CALLS have been made for Monmouthshire County Council “to get its own house in order” after committing to becoming a “plastic-free” authority.

The council will begin working towards reducing the use of single-use plastics in the county after councillors backed proposals on Thursday.

Community groups in Abergavenny, Chepstow, Monmouth and Usk are already working towards plastic-free town status in line with the Plastic Free Coastline campaign run by Surfers Against Sewage.

But Independent councillor Debby Blakebrough claimed the council’s current recycling strategy was “counterintuitive” to the campaign’s aspirations.

“Any recycling contract that encourages the use of plastic bags instead of environmental starch bags is complete bonkers,” said Cllr Blakebrough.

The meeting heard that the company responsible for the disposal of Monmouthshire’s food waste preferred the use of plastic bags over compostable bags.

Head of operations Roger Hoggins stressed that the contract, which is shared with Torfaen and Blaenau Gwent, allowed the council to require the firm to accept eco-friendly bags.

But Cllr Blakebrough said: “If we take this [contract] on with plastic bags, I think we’re taking a backwards step.

“This plastic free policy is worthless if it doesn’t really change our thinking and our behaviour, and that includes our procurement decisions.”

Other concerns were raised by Independent councillor Simon Howarth, who lamented the stocking of plastic bottles in leisure centre vending machines across Monmouthshire.

“The kids take hundreds of bottles out of those machines every week, because we make a lot of money from it,” he said.

“We have a policy in this council about healthy eating.

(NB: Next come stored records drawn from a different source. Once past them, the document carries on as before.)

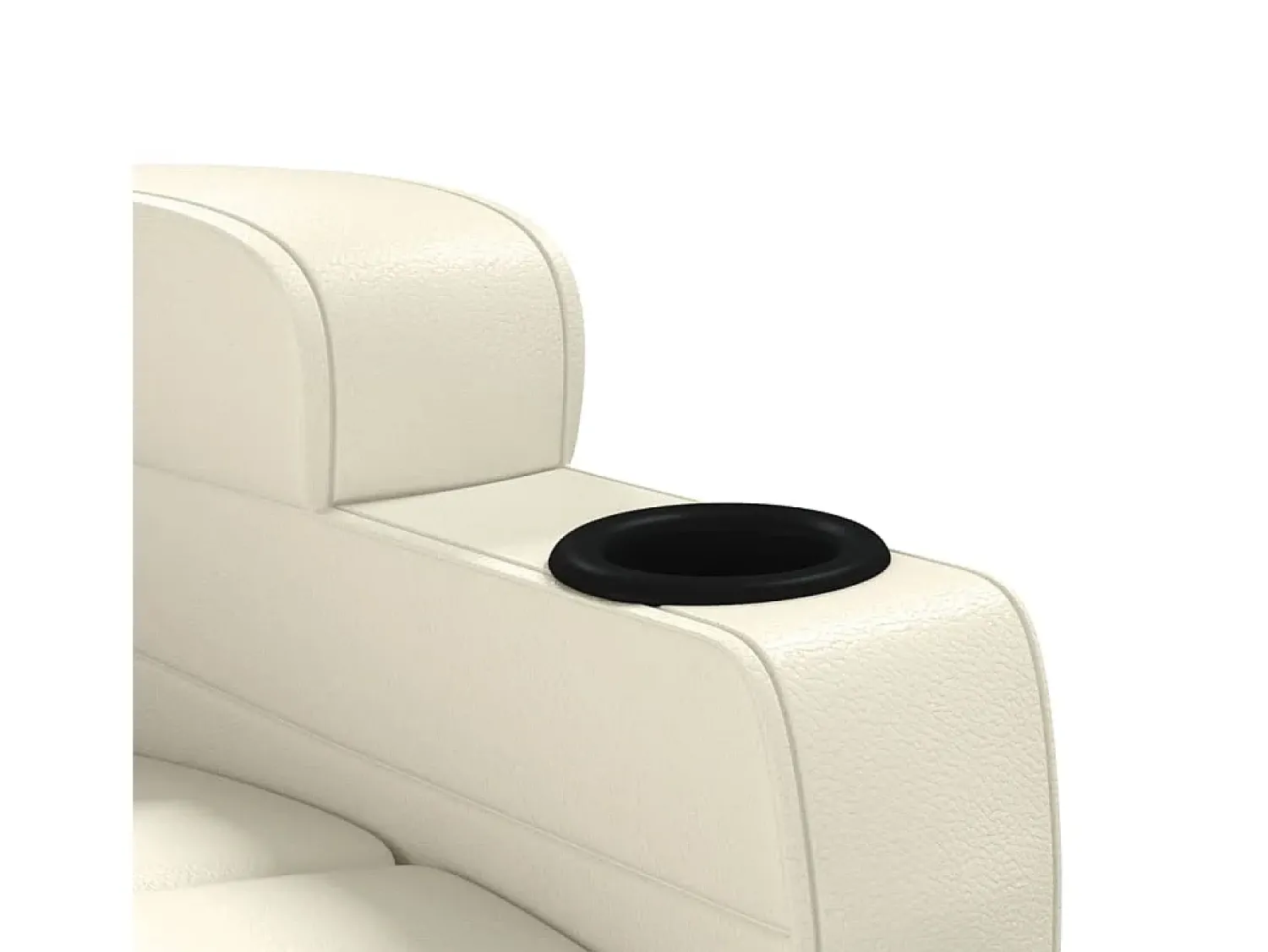 Poltrona*vidaxl Cadeira de massagens couro artificial branco nata Creme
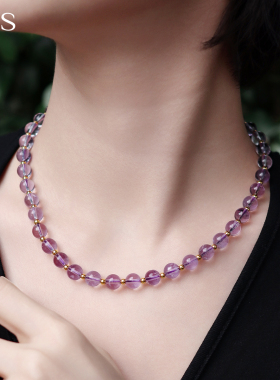 MGS/曼古银紫水晶项链 2025春夏新款轻奢女款轻奢高级感串珠原创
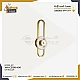 ابليك جداري مودرن زيتي مع 7 واط 3اضاءات مقاس 40 سم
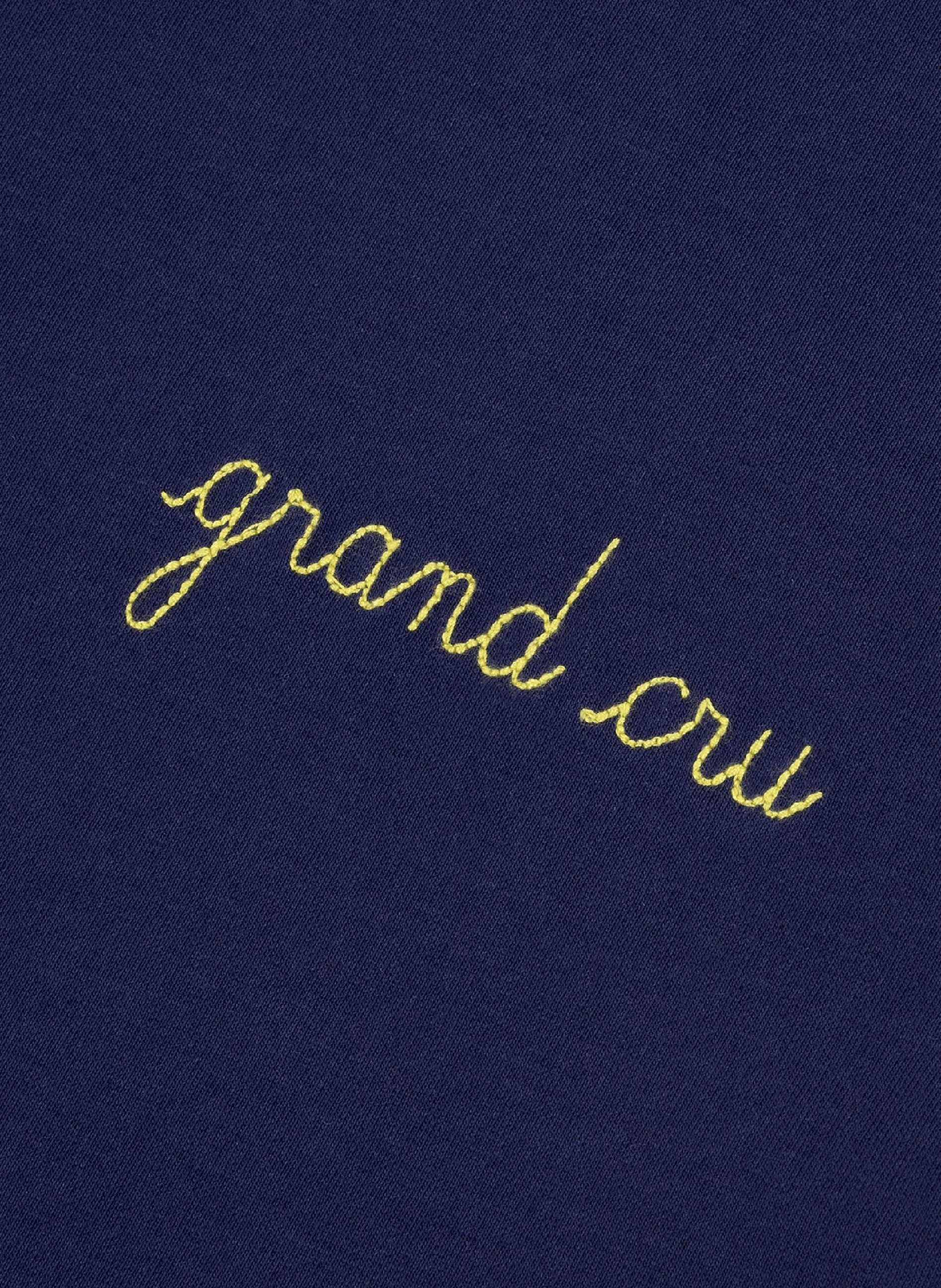 Embroidered Grand Cru Organic Cotton T-Shirt MAISON LABICHE Blue
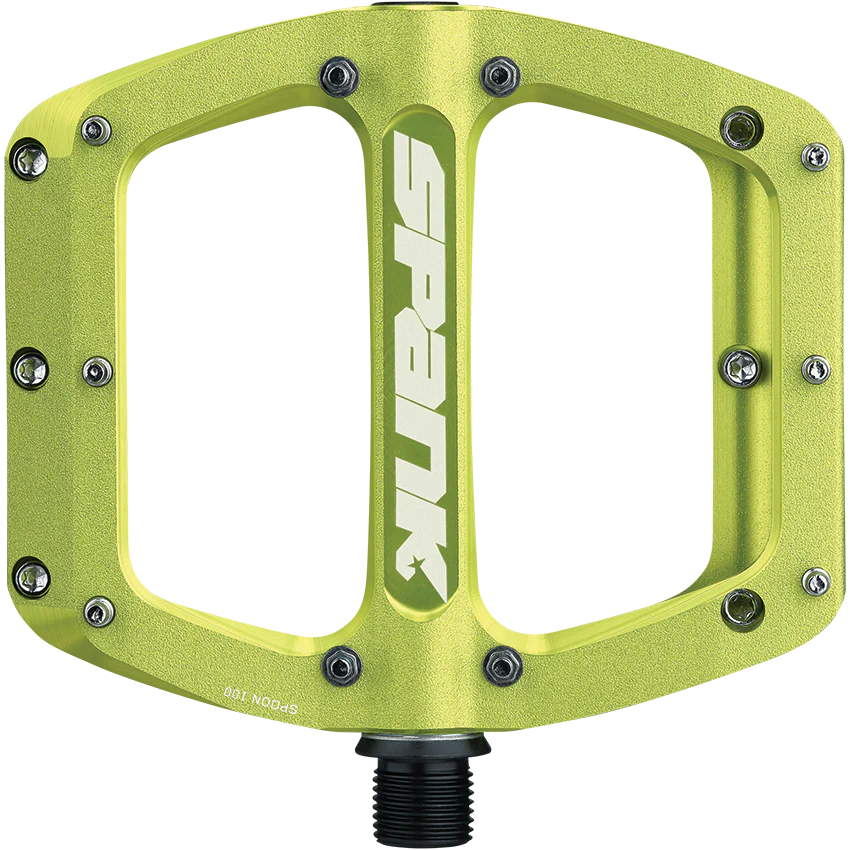 SPANK SPOON REBOOT M flat pedals Green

You go in our vending machines – full of chocolate.

“They weren’t before but they’ve gone back, why? Because we’re making money from it and it balances the books.

“Let’s get our own house in order, we cut and cut and cut for very little.”

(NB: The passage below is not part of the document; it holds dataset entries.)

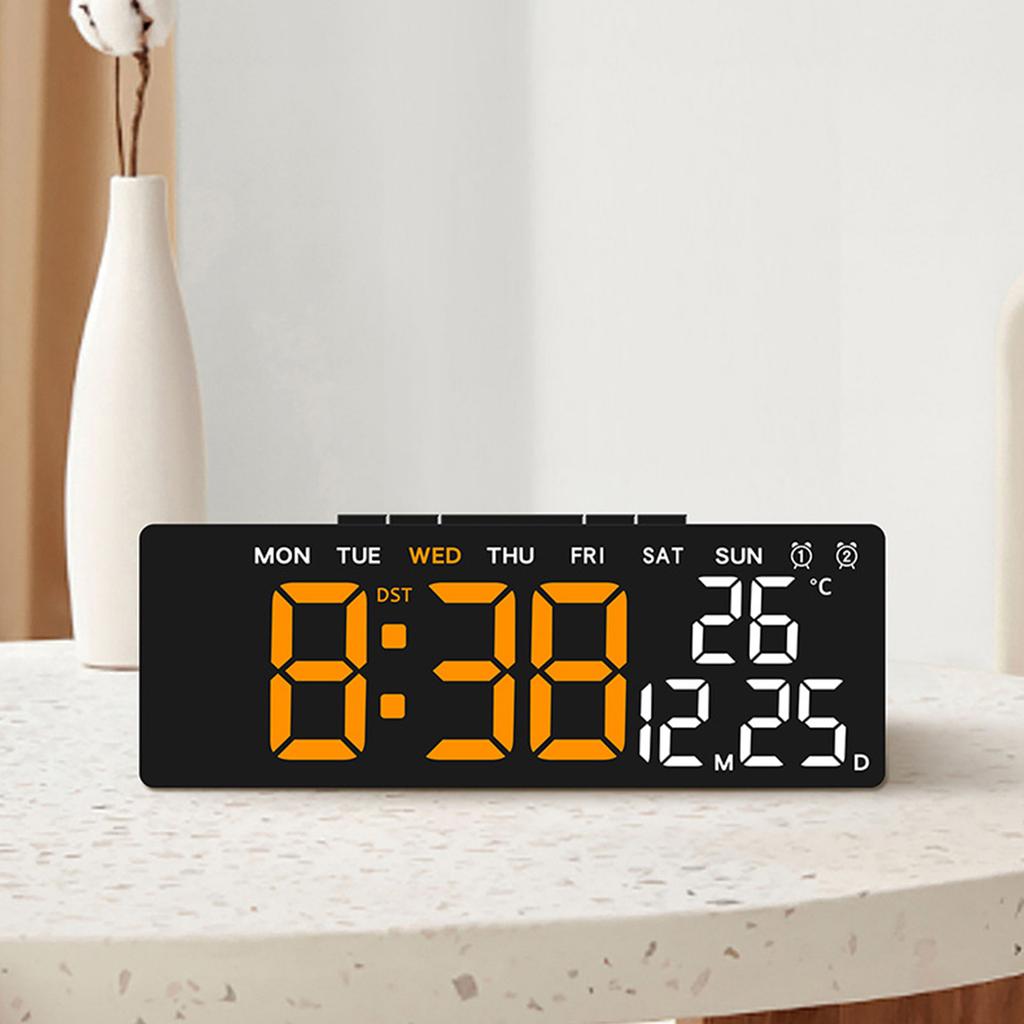 LED Display Digital Clock with Alarm Timer Date and Temperature Features for Modern Decoration
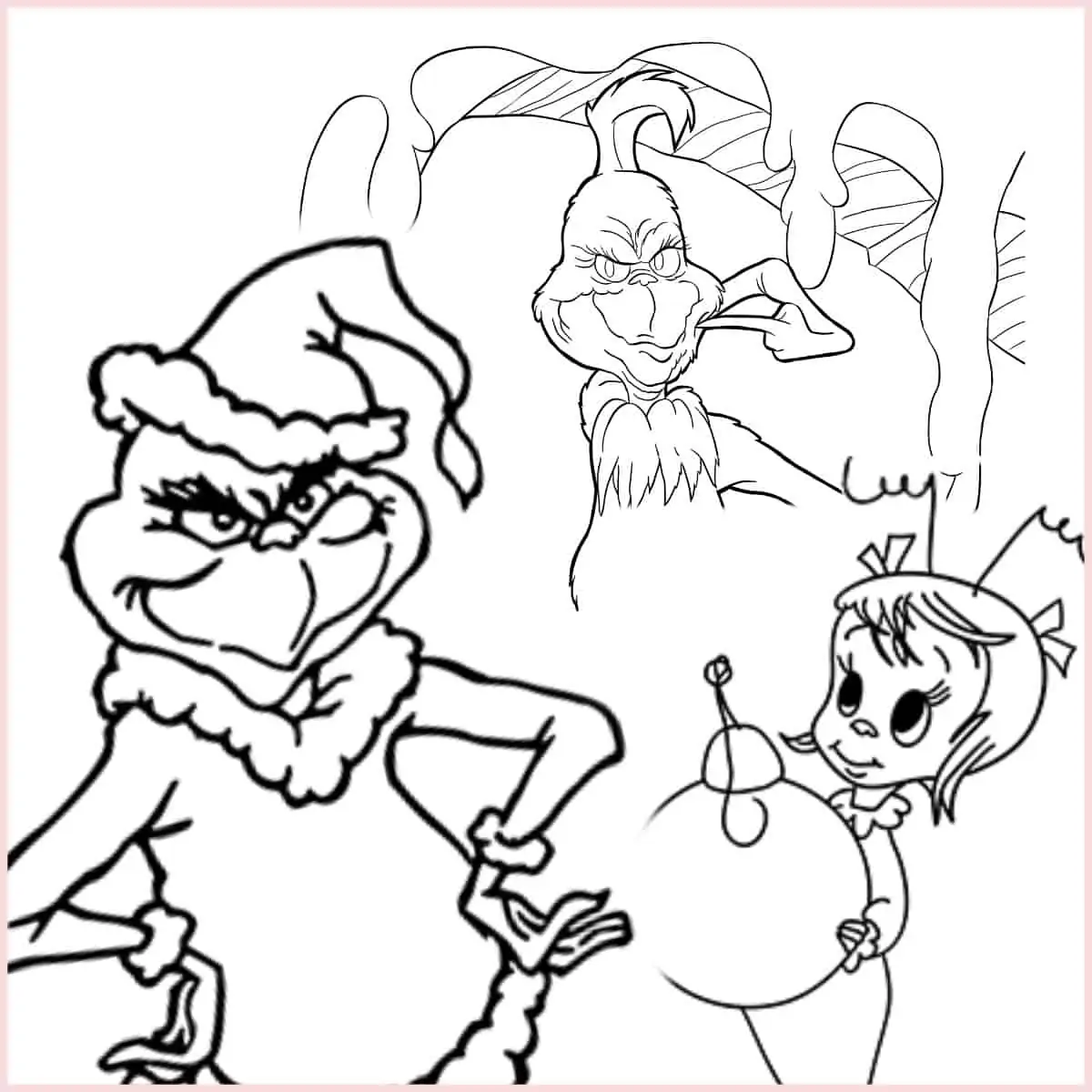 Best grinch coloring pages free printables artsy pretty plants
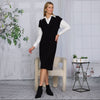 Thea Black & White Dress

The leader of the Labour group, Councillor Dimitri Batrouni, said the move was “better now than never” having proposed a motion urging the council to discourage the sale of single-use plastics in July 2015.

“We were told no by the administration because the selling of single-use plastics produced an income that would enable to keep frontline services ongoing,” he said.

Council leader Councillor Peter Fox replied: “I can’t remember the rationale, and it’s easy to take it out of context what was said, but it was probably sensible.

“It was probably because, as per usual, not much information came forward. It was knee-jerk and trying to grab a headline.

“But we all do mature and move forward and it’s great that the country is starting to recognise the issue around single-use plastics.”